Getting the data structure for each event type

In [6]:
for uniqevent in df["eventType"].unique():
    print(uniqevent, ":", df[df["eventType"]==uniqevent]["event_data"].iloc[100])

level_event : {duration=1.606702E+09, level=5, progress=42, play_count=42, status=1}
interstitial_impression : {'revenue': '0.03'}
banner_impression : {'revenue': '0.0003'}
rewarded_impression : {'revenue': '0.0275'}


Designing parsers for each data format

In [7]:
def extract_level_event_data(r):
    
    r = r.replace("=",":").replace('duration', '"duration"').replace("level", '"level"').replace("progress", '"progress"').replace("play_count", '"play_count"').replace("status", '"status"')
    r = json.loads(r)
    
    returndict = {
        "duration":0,
        "level":0,
        "progress":0,
        "play_count":0,
        "status":0,
    }
    
    returndict.update(r)
    
    return returndict["duration"], returndict["level"], returndict["progress"], returndict["play_count"], returndict["status"]

In [8]:
def extract_revenue_data(r):
    
    revenue = r.split(":")[1].split("'")[1]
    
    return revenue

Extracting event_data to seperate columns

In [9]:
df["duration"] = df["level"] = df["progress"] = df["play_count"] = df["status"] = df["revenue"] = 0

## extracting level data
df.loc[df["eventType"]=="level_event", ["duration", "level", "progress", "play_count", "status"]] =\
list(df['event_data'][df["eventType"]=="level_event"].apply(extract_level_event_data))

## extracting revenue data
df.loc[df["eventType"]!="level_event", "revenue"] =\
df['event_data'][df["eventType"]!="level_event"].apply(extract_revenue_data)

## object to float conversion
df["revenue"]= df["revenue"].astype(float)

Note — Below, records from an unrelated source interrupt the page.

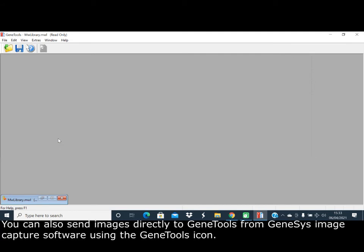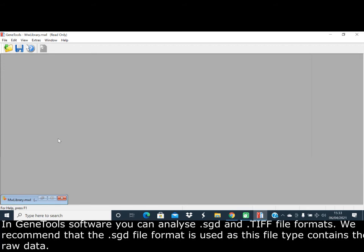You can also send images directly to GeneTools from the Genesis image capture software using the GeneTools icon.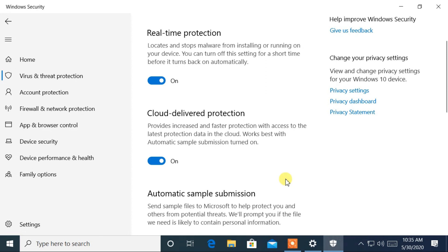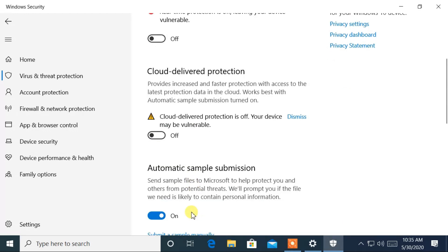Now, to disable virus and threat protection settings, disable all these settings.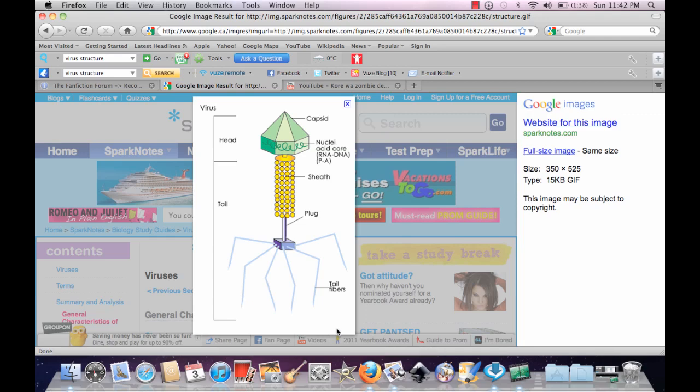Once it does that, allowing the virus to go in through endocytosis, the virus is able to go into the cell and take its DNA or RNA, keep in mind it only has one, and bring it into the nucleus.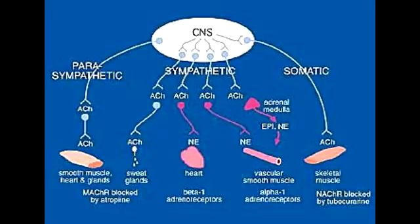Where are the alpha and beta receptors located in the sympathetic nervous system? Alpha and beta receptors are located in the heart, smooth muscles, gland cells, and nerve terminals.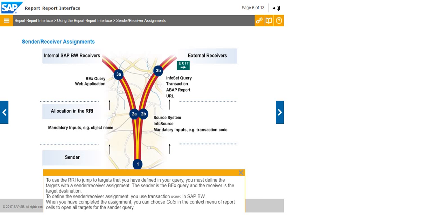To define the sender or receiver assignment, you use transaction RSBBS in SAP BW. When you have completed the assignment, you can choose Go To in the context menu of report cells to open all targets for the sender query.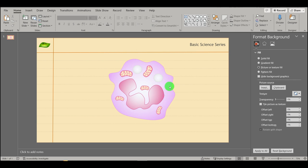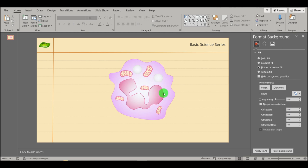Granules are important for many different functions. They are specialized organelles within neutrophils that contain a variety of enzymes, antimicrobial peptides, and other proteins involved in the destruction of invading pathogens. There are different types of granules: azurophilic granules, specific granules, and tertiary granules. Every granule has a special, unique composition and structure. Azurophilic granules contain enzymes such as myeloperoxidase and elastase. Specific granules contain proteins such as lactoferrin. Tertiary granules contain a variety of proteins involved in cell signaling.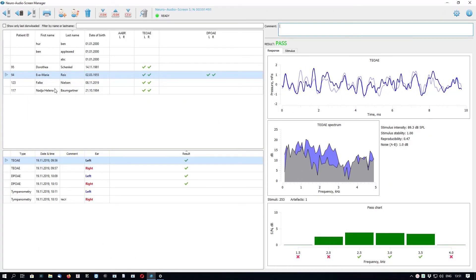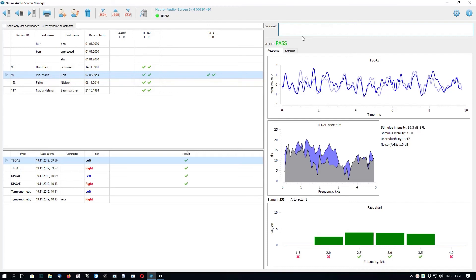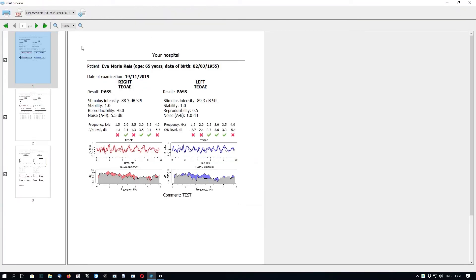NeuroAudioScreenManager has a feature to generate and print test reports. Select the patients and/or test results you want to print — selecting a patient will print all their test results. You can also type a comment in the text field, which will appear in the report. Click the Print Reports button with the printer icon. In the Print Preview window, you can preview all pages of your test report. The header shows the name of your hospital or clinic. You can print using the printer button, save to PDF, or select which printer to use. The comment you entered appears at the bottom of the page.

Dropping json-like event_data

In [10]:
df.drop('event_data', 1, inplace=True)

In [11]:
df.head()

Unnamed: 0,userID_anonymized,arrival_time,event_time,eventType,platform,session_no,wifi_state,model,operating_system,totalrevenue,duration,level,progress,play_count,status,revenue
0,12acc8df-d4f9,11/30/20 18:01,12/26/20 3:16,level_event,ios,12,0,"iPhone12,8",iOS 14.2,0.870634,30.328,47,36,36,1,0.0
1,12acc8df-d4f9,11/30/20 18:01,12/26/20 3:16,level_event,ios,12,0,"iPhone12,8",iOS 14.2,0.870634,0.0,64,37,37,2,0.0
2,684c9a99-aeb0,11/30/20 15:06,12/26/20 0:53,level_event,ios,7,1,"iPhone11,8",iOS 14.3,0.183914,39.537,7,31,31,1,0.0
3,684c9a99-aeb0,11/30/20 15:06,12/26/20 0:53,level_event,ios,7,1,"iPhone11,8",iOS 14.3,0.183914,0.0,58,31,31,2,0.0
4,be725f9b-33c5,11/30/20 3:20,11/30/20 3:21,interstitial_impression,ios,1,1,"iPhone12,1",iOS 14.0.1,0.0362,0.0,0,0,0,0,0.035


### Extracting meaningful event time feature

In [12]:
df["arrival_time"] = pd.to_datetime(df["arrival_time"])
df["event_time"] = pd.to_datetime(df["event_time"])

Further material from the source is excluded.